Japan is moving to reshape its crypto sector through a new legal framework that places digital assets under financial regulation.

The proposed bill introduces trading rules, tax changes, and institutional access, marking a shift in how the country manages crypto markets.

New Legal Structure for Crypto Markets

Japan’s Financial Services Agency has submitted a bill that classifies cryptocurrencies as financial instruments. This move places digital assets under the Financial Instruments and Exchange Act. As a result, crypto trading will follow rules similar to traditional financial markets.

The update gained wider attention after a post shared by Crypto Patel on X outlined the key changes. The tweet described new restrictions, disclosure rules, and tax adjustments tied to the proposed legislation. It also pointed to broader institutional participation in crypto markets.

One major update involves a ban on insider trading related to cryptocurrencies. This rule aligns crypto markets with existing financial regulations that govern stocks and other assets. It aims to reduce unfair trading advantages and increase trust among participants.

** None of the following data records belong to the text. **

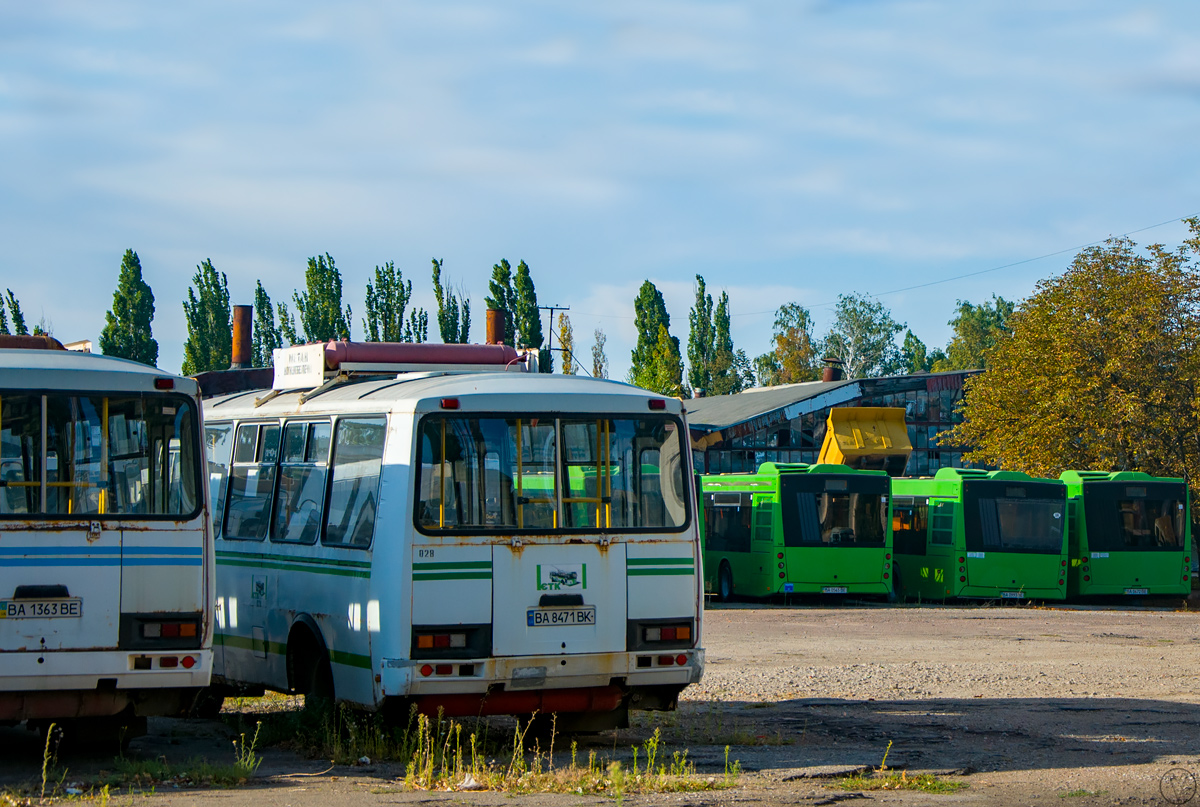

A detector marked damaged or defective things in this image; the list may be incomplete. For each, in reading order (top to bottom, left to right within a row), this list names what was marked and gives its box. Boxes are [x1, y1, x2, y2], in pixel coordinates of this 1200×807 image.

rusty white bus [0, 343, 213, 739]
rusty white bus [196, 341, 700, 730]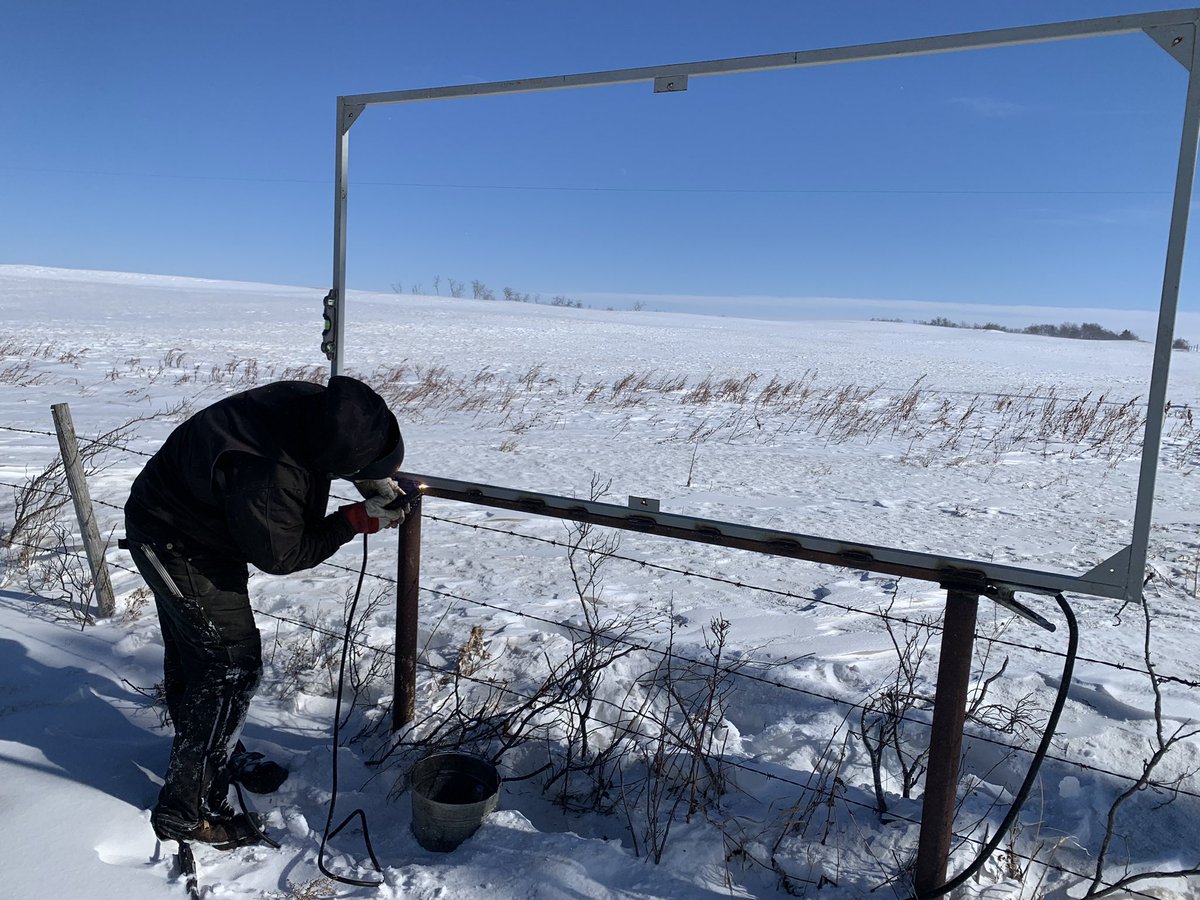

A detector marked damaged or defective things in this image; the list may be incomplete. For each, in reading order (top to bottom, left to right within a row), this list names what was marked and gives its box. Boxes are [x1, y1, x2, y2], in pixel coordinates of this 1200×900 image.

rusty metal pole [393, 496, 422, 734]
rusty metal pole [912, 588, 979, 897]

At the same time, the bill requires disclosures for 105 tokens, including Bitcoin and Ethereum. These disclosures are expected to improve transparency and provide clearer information for investors. Market participants will have access to standardized data, which may support more informed decisions.

The classification of crypto as a financial instrument also signals stricter oversight. Exchanges and related service providers may need to adjust operations to meet regulatory standards. This includes compliance measures tied to reporting and investor protection rules.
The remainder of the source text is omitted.